● **Exercise requirements**
If pictures appear, leave them out, and return exactly the lines from the one holding "Pins de colecci&oacute;n: ANTIGUO" through the last line of the listing below.
*****
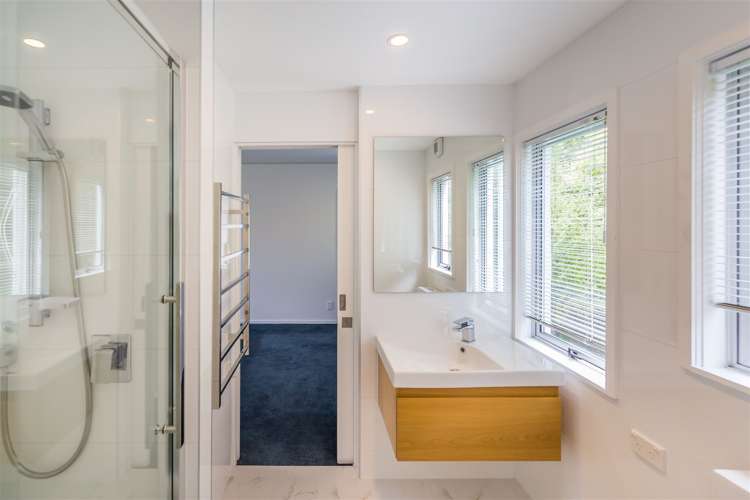 27 Settlers Hill Akaroa_21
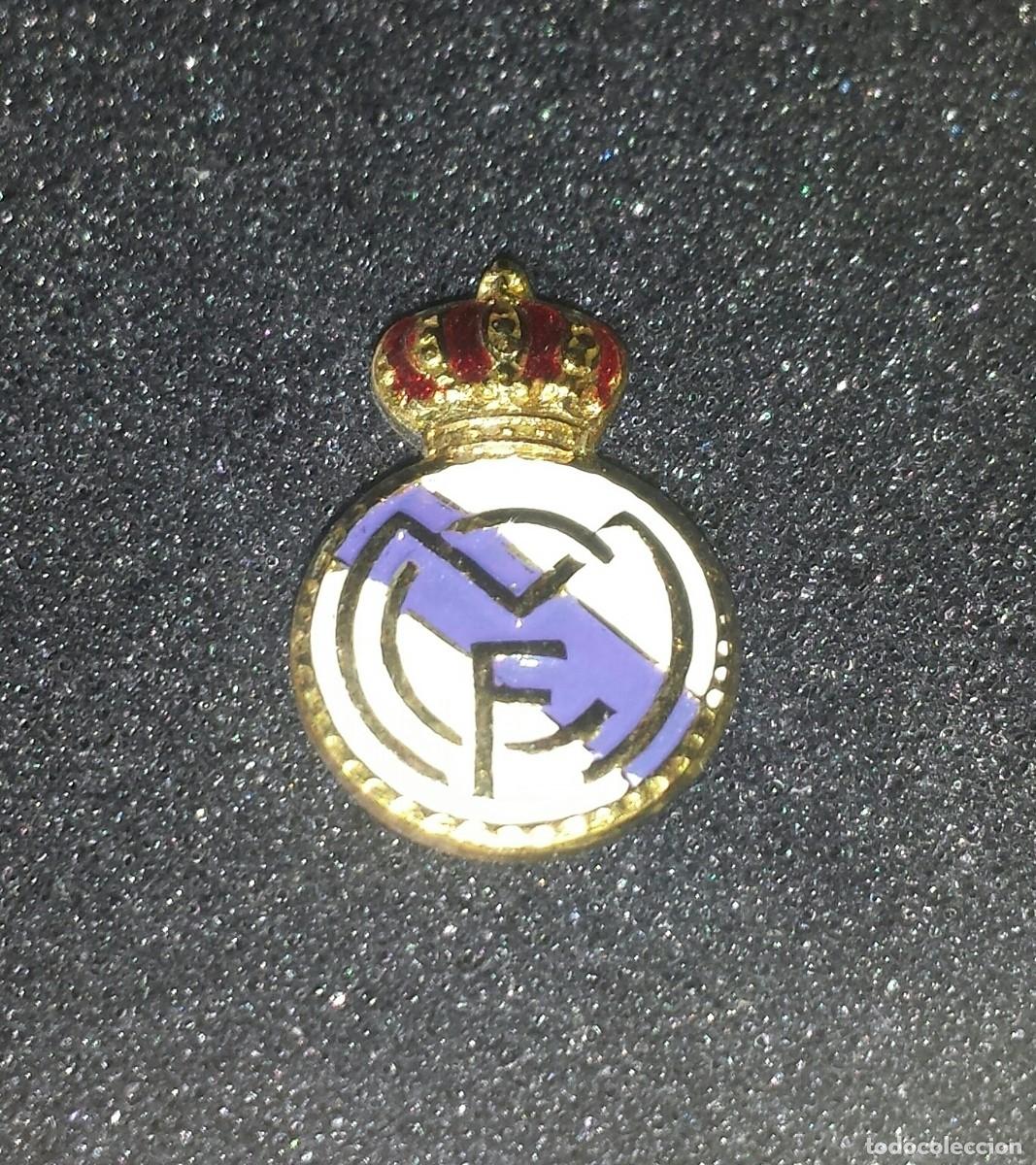 Pins de colecci&oacute;n: ANTIGUO PIN ESCUDO EQUIPO FUTBOL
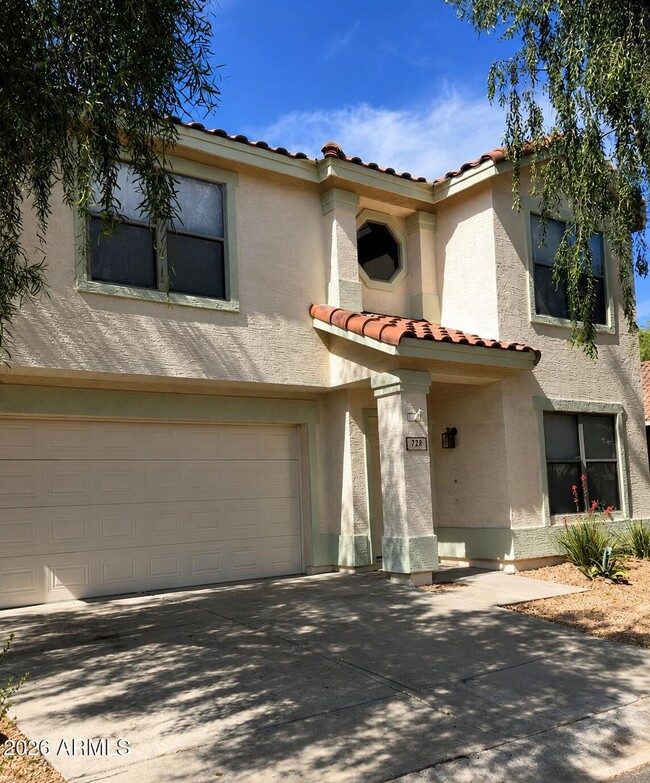 Building Photo - 728 E Rose Marie Ln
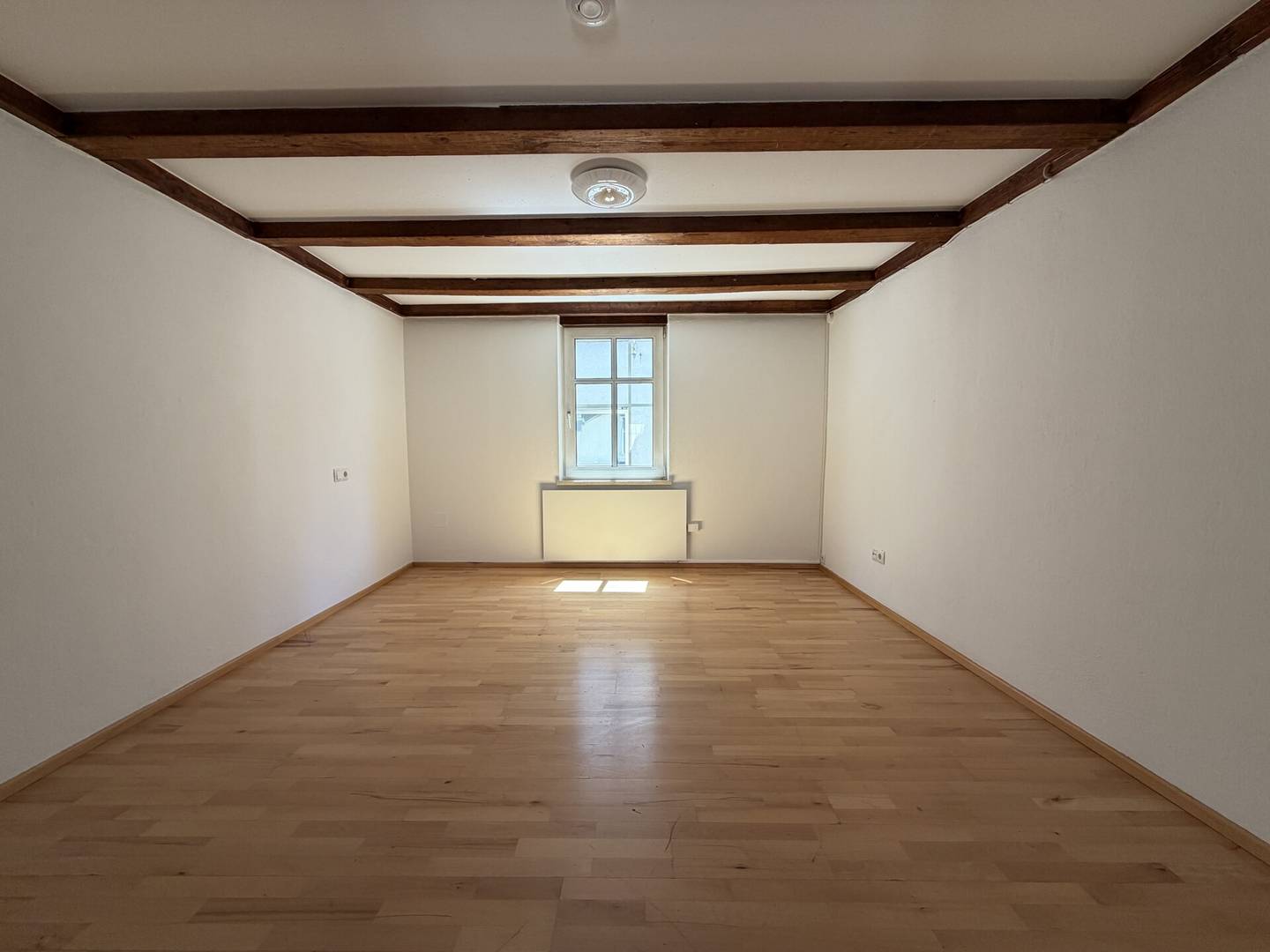 Provisionsfreie zentrale Erdgeschosswohnung mit Arbeitsbereich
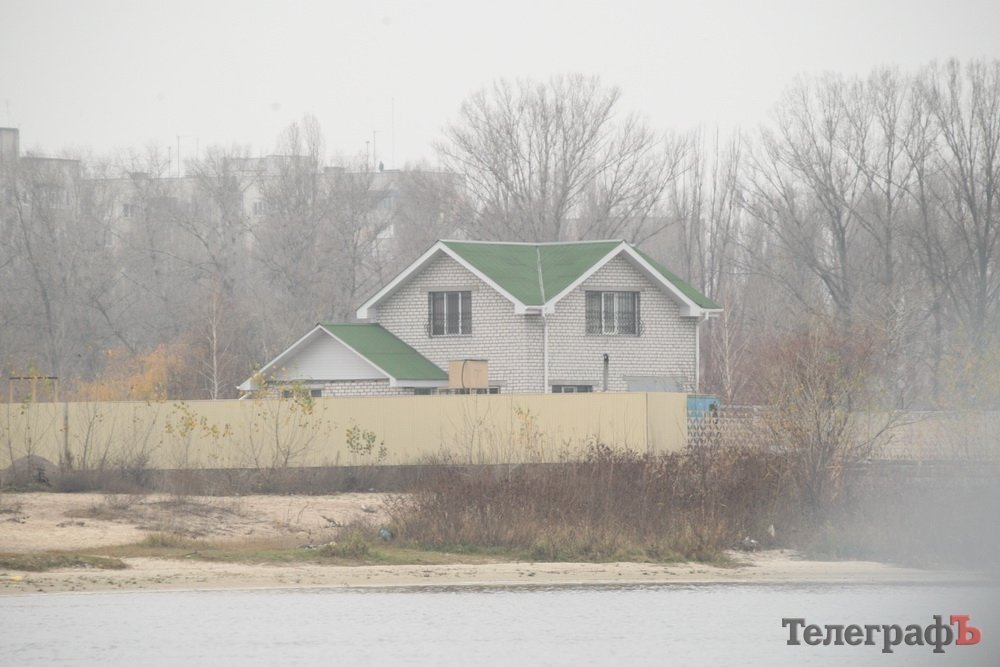 "Ну, ви ж розумієте, чиї ці будинки..." "Ну, ви ж розумієте, чиї ці будинки..."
*****
● **Output**
 Pins de colecci&oacute;n: ANTIGUO PIN ESCUDO EQUIPO FUTBOL
 Building Photo - 728 E Rose Marie Ln
 Provisionsfreie zentrale Erdgeschosswohnung mit Arbeitsbereich
 "Ну, ви ж розумієте, чиї ці будинки..." "Ну, ви ж розумієте, чиї ці будинки..."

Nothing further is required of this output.